US tyre maker Goodyear has been working on its airless tyres for a while, and has finally been put them to the test on an electric vehicle. The company recently announced that prototype tyres have completed 75,000 miles of testing at speeds up to 100 mph, in temperatures ranging from scorching heat to snow, on a Tesla Model 3 at its Luxembourg proving grounds.
Also called non-pneumatic tyres (NPTs), airless tyres have lower maintenance requirements than conventional tyres, and are better able to handle heavy loads, according to Goodyear, which adds that since these tyres are impervious to punctures, putting more of these on the road means fewer tyres being disposed of.

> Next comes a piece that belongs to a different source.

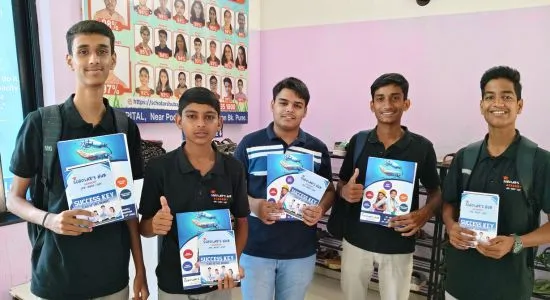 Students holding MHT CET Exam Brochure.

Goodyear also believes airless tyres will be a better fit for vehicles beyond passenger cars, specifically autonomous shuttles that might be used by future mobility services to move people and goods around urban centres. Part of the development process will involve testing airless tyres on “autonomous vehicles and last-mile delivery robots,” Goodyear said.

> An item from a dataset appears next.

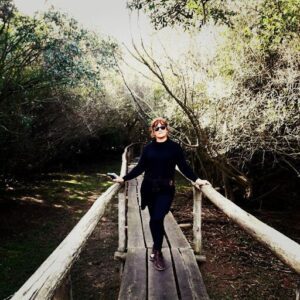A woman wearing sunglasses and a black shirt stands on a wooden bridge.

Goodyear plans to have these airless tyres on the road by 2030.
Goodyear said it’s aiming for US Department of Transportation approval of its airless tyres, but noted that this is “still several years away.” And given the company’s interest in catering to mobility services, the first applications might not be personal cars.
Meanwhile, Goodyear has also announced replacing a portion of the petroleum-based materials used in production of some of its most popular Metro Miler city transit tyres with a bio-based soybean oil compound.
“The use of soybean oil in the majority of the Metro Miler G152 and G652 tires in production today is a significant Goodyear innovation that reduces the amount of petroleum-based materials needed for production,” said Dustin Lancy, commercial product marketing manager, Goodyear North America. “In these tyres, soybean oil replaces about 11 liquid ounces of free-flowing petroleum oil per tyre – almost as much as a traditional soda can. Multiply that by a bus fleet of 1,600 buses, about the size used by some major metropolitan cities in the US, and that could mean the use of around 20 fewer barrels of oil.”
The Metro Miler G152 and G652 also feature technology designed to resist sidewall damage, enhance toughness and provide long tread life. Reinforced shoulders and steel sidewalls help deliver long casing life, and the integrated sidewall wear indicators make it easier to spot wear due to excessive scuffing. These tyres also include a multi-compound, scrub resistant tread that can stand up to the rigors of transit applications and extend tread life by resisting excessive wear, chunking, cracking and chipping.
The Metro Miler G152 and G652 tire models made with soybean oil are currently in production and available now for ordering among customers looking for tyres made with more sustainable materials.